Time, the most precious thing of things

For personal reasons I haven’t really worked in two weeks. I’ve managed an hour or two here and there but really, I that’s not work!

It amazes me that two weeks feels like a life time on the internet, or in other people’s perception, through the filter of the internet. – You haven’t been making work! It’s true that social media has been a great tool for inspiration and motivation, but jebus what a distortion when it comes to the value of time.

Look, I’ve had a bloody great year in terms of my art. Shortlisted for four prizes! TWO solo exhibitions – but this isn’t the norm. It’s really not! This probably won’t happen all the time, it might not even happen again – who knows, and I’m not being self deprecating, I just know that this is how the game is played.. Or, rather, I don’t know it and I know I don’t know… But anyway, a year like this also requires a huge amount of work that’s not the work work – to get things packed up and shipped, to travel to the openings. There’s so much going on that people do not see and this alllll takes time. I’m totally not complaining by the way, I just don’t think people get that there is work that surrounds making the work and it’s invisible. I think it’s important that the invisible is made a little more visible so people can appreciate the work that people do.

Over the years I have stumbled through the many different ways I could get creative. Writing, fiction, articles, blog posts. Illustration, digital, cover art, illustrations for stories and for anatomy.
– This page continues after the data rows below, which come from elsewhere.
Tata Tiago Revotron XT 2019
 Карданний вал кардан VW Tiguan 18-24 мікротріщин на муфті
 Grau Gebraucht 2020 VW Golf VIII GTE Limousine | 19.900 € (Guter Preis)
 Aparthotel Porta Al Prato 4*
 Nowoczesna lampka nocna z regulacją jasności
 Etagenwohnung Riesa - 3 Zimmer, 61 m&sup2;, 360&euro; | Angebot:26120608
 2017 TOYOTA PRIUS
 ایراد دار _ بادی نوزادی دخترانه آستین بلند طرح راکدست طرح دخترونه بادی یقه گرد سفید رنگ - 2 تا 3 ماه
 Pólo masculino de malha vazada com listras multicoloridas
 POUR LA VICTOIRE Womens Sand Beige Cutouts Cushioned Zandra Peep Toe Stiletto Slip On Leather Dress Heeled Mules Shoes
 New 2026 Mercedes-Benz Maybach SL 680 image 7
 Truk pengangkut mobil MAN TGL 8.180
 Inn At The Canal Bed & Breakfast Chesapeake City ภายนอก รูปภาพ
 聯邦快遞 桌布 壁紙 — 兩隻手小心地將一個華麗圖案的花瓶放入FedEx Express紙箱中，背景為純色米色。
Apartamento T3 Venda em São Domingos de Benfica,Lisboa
Art, oil painting, drawing.. It’s through these explorations that I have come to really single out and focus in on what it is I want to do – which is drawing. This took time, this took many mistakes. Some of which still make me cringe – oh, the bad writing, the things I opened up with which left me so very vulnerable and I deeply regret that – for what it did to me. Oh, the bad illustrations. Oh, the painting.. Noooooo. All that wasted time! But no, not really wasted, because I say no more to things that get in the way of what I really want to do.

I’ve had to take a huge leap back in terms of my social media use and interaction. I just feel like it has infiltrated my life and my practice in ways that aren’t good at all. I’m so sick of everything in that space having meaning – when ultimately it has no meaning. It frightens me to think of the hours that I have spent on facebook rather then looking at the sky, or the ground, or the flowers – my kid. Or tending to those scary but necessary moments of not knowing what the fuck I am going to make next.

I feel so much pressure to have new works and have new things to say/ announce, but my art – as a lot of art and craft – needs time. And not internet time – real time. It needs the time where I am not actually making work too!

Maybe I’m stuck with the blessing/ curse of remembering what life was like before social media infiltrated it in ways we never could have imagined?

Making artwork, getting it photographed, writing about it, organising exhibitions, wrapping and boxing artwork for shipment, promoting exhibitions, having the exhibitions, deinstalling exhibitions, researching new ideas for new work and then making that new work – this stuff takes years and years. A life time even. I feel so exhausted by the expectations. Being an artist – like being a parent – takes more than just one person doing it all on their own. So the best I can do is remove myself from it as much as possible and focus on real time. Keep doing what I know to work and what I know to be realistic.

crate My shortlisted piece for the JADA 2016 in a crate that my man built for it.